● **PROBLEM TO WORK ON**: Copied exactly and without pictures, the lines from the beginning of the entries through the one that holds "Fast Time Entry" should form the entire reply.

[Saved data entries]
**********

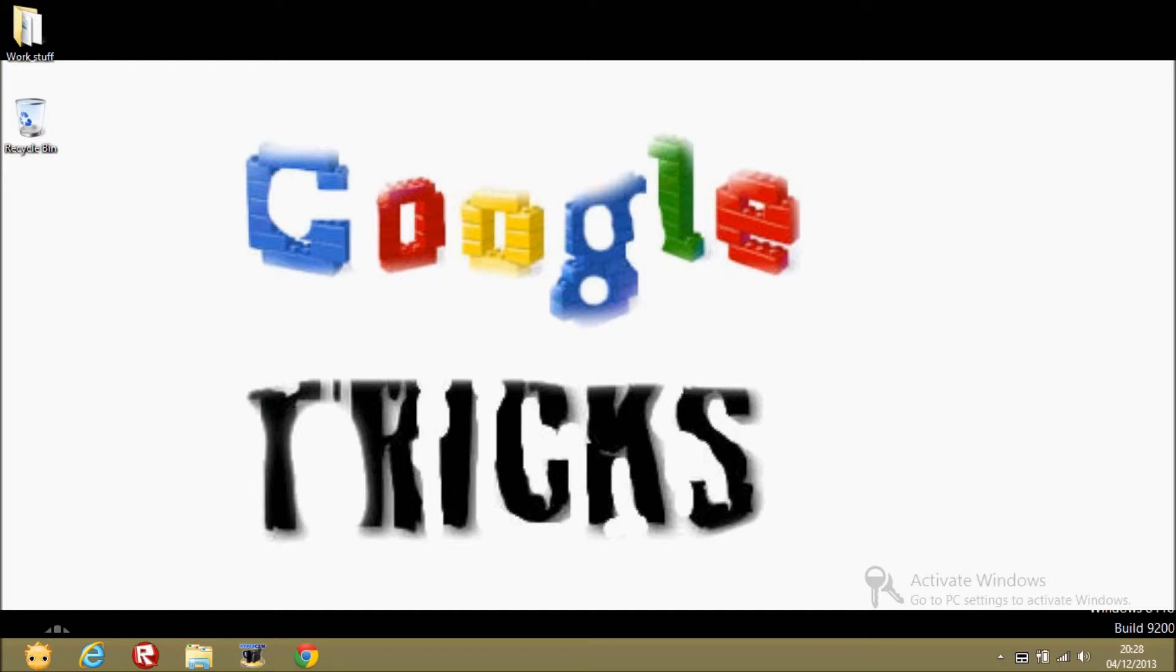As you can see I've made a new background for Google tricks and it's a bit messed up because I took forever.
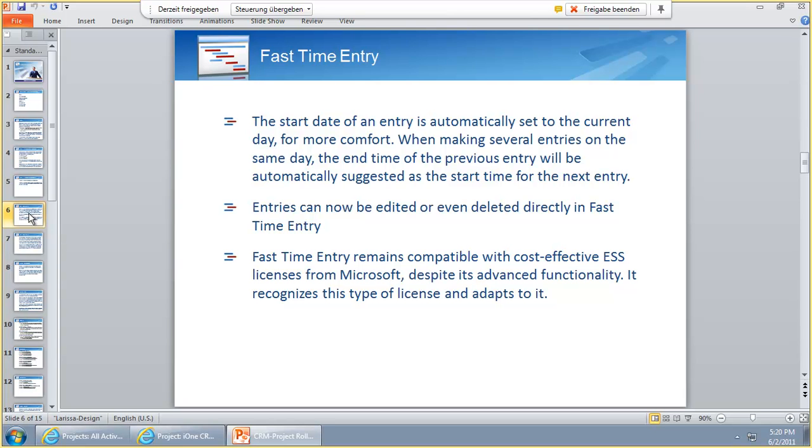Fast Time Entry is very important because a lot of customers want to use it with ESS client access licenses, which is much cheaper for all the employees.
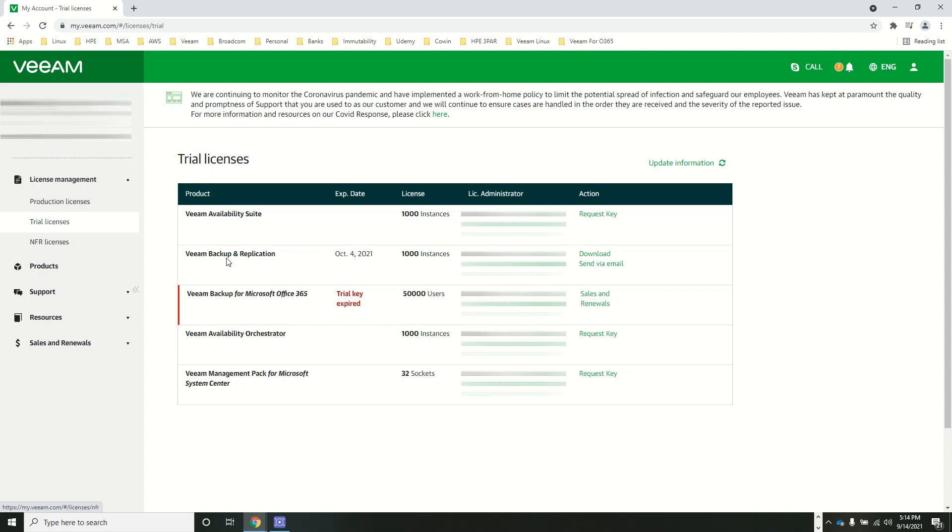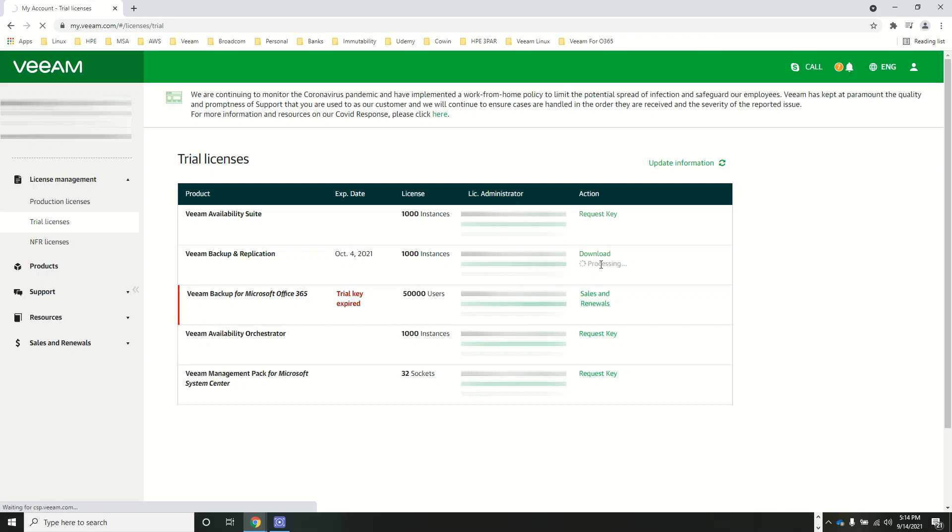This is the Veeam Backup and Replication license which expires on October 4th, 2021. It's a thousand instance license I have. So either I can download it here on the machine, or I can send it via email.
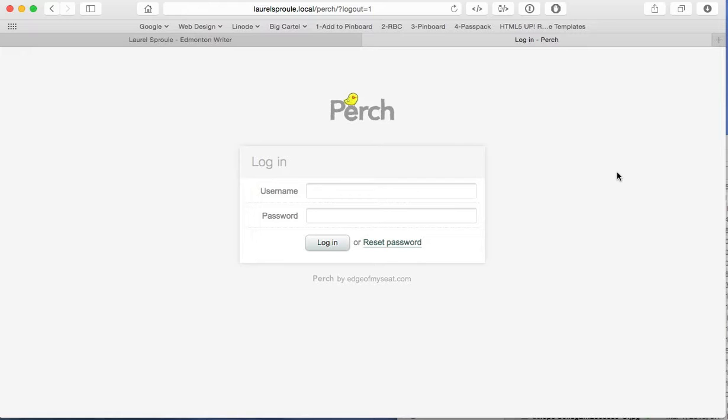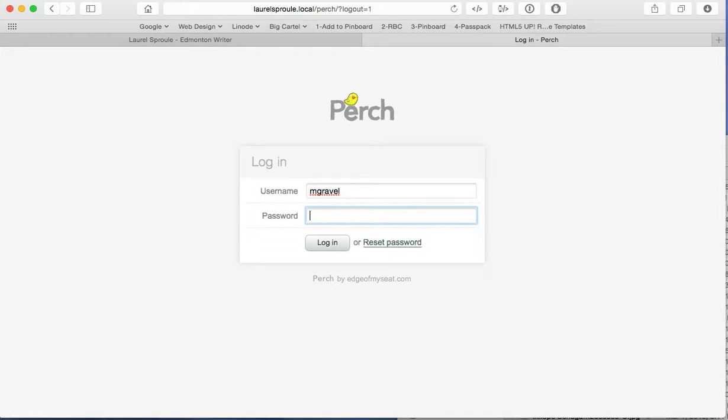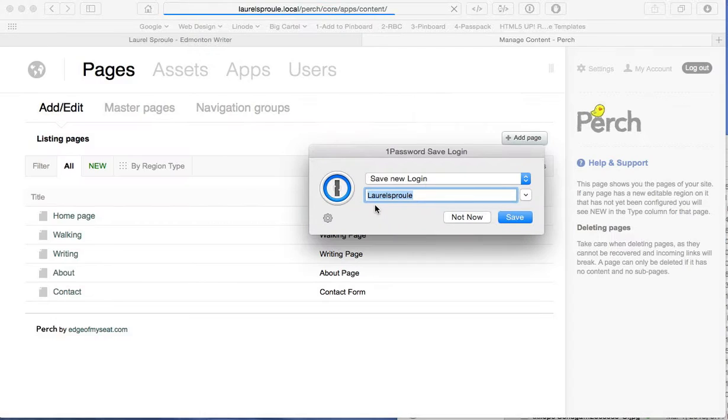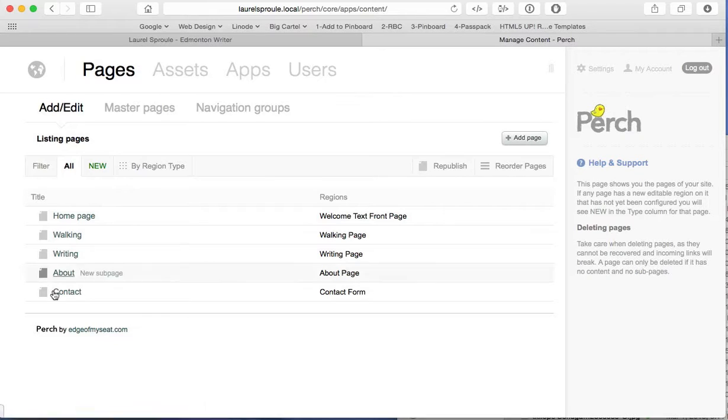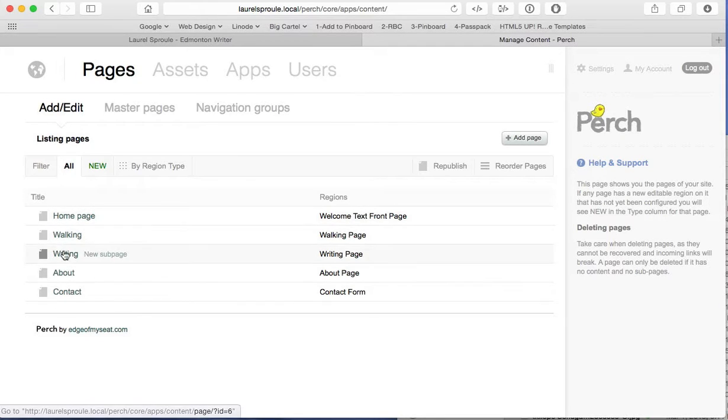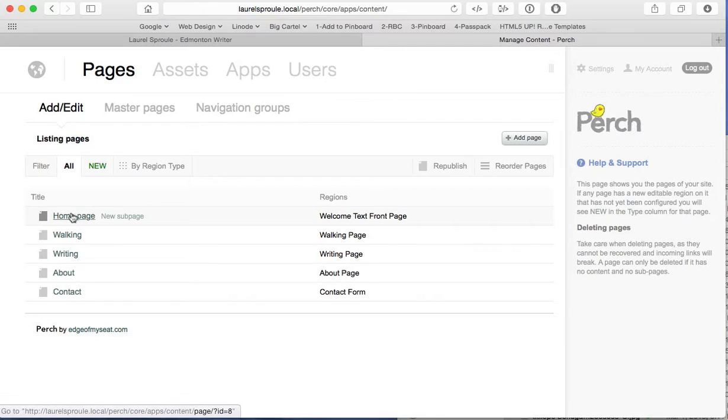So the first thing you want to do is log into Perch with the credentials that your site administrator has given to you. So you do that and you log in. What you see here when you first land is a list of all the content that's editable on your website. Now, typically that'll be grouped by page.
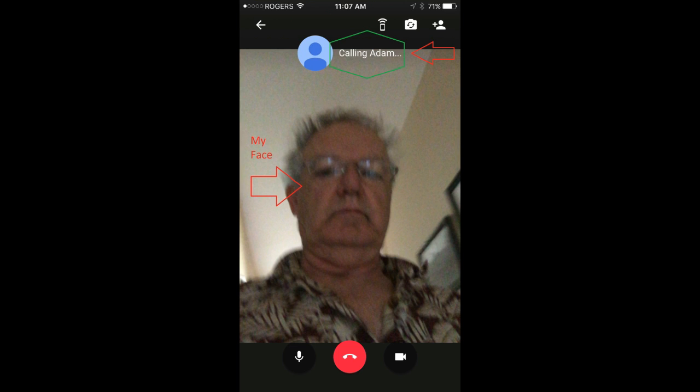Next you will see your own face and hear the audible tone that we are calling Adam. You'll see his contact information show up at the top of the screen. Of course Adam will have to answer the call in order for the conversation to begin.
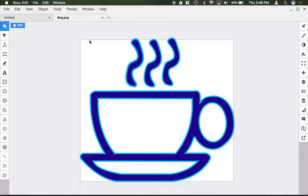When you're working with multiple shapes in BoxSVG, sometimes it might be useful to group them together. For example, I have multiple shapes to assemble this coffee mug image.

**********

● **OUTPUT BELOW**:
As you can see I've made a new background for Google tricks and it's a bit messed up because I took forever.
Fast Time Entry is very important because a lot of customers want to use it with ESS client access licenses, which is much cheaper for all the employees.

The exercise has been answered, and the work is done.